- Born: 1924 Nattathi, Tuticorin, India
- Died: 30 July 2017 (aged 92–93)
- Other name: Thamirabarani thaatha
- Occupation: Journalist
- Known for: Thamirabarani protest
- Notable work: Tamirabarani Nadhiyum, Vivasaayigalin Urimaiyum (The Thamirabarani River and the Rights of the Farmer)
- Spouse: Vellaiyammal
- Children: Rajkumar (one son), Chellakani, Selvakumari (two daughters)

= S. Nainar Kulasekaran =

S. Nainar Kulasekaran (சி. நயினார் குலசேகரன்) (1924 – 30 July 2017) was a social activist from Tuticorin, Tamilnadu. He was known for his activities to protect the Thamirabarani River.

== Early life ==
He was born in 1924 in Nattathi village, Tuticorin district and started his career as an administrative staff-cum-correspondent in a vernacular daily. He was involved in the Bhoodan movement launched by Vinoba Bhave. He served as District Secretary of Indira Congress in the 1970s.

== Social activity ==
He founded Thamirabarani Pathugappu Peravai (Thamirabarani Protection Federation). In 2005, he led the farmers' protest when the Coca-Cola plant was set up inside the SIPCOT Industrial Complex.
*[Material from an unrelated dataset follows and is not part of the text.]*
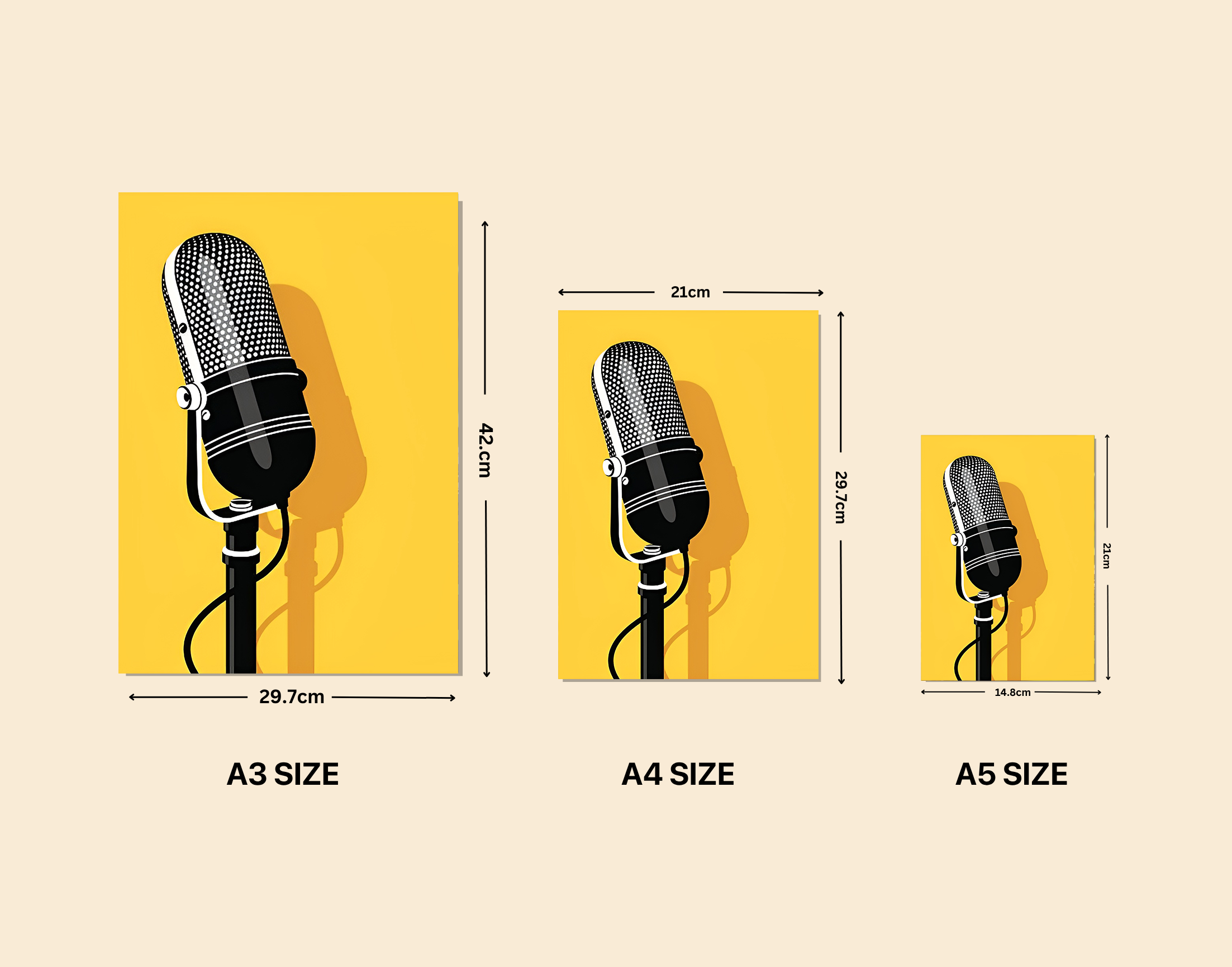 "Mic Musical: Vector Image"- Shiny & Sturdy Metallic Poster Art That Pops & Sticks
He played a vital role in protesting against illegal sand quarrying, de-siltation in the Srivaikundam dam and industrial pollution on the Thamirabarani.

In 2010, he released Tamirabarani Nadhiyum, Vivasaayigalin Urimaiyum, a book about the Thamirabarani river and the rights of the farmer with detailed work of Thamirabarani flow and irrigation.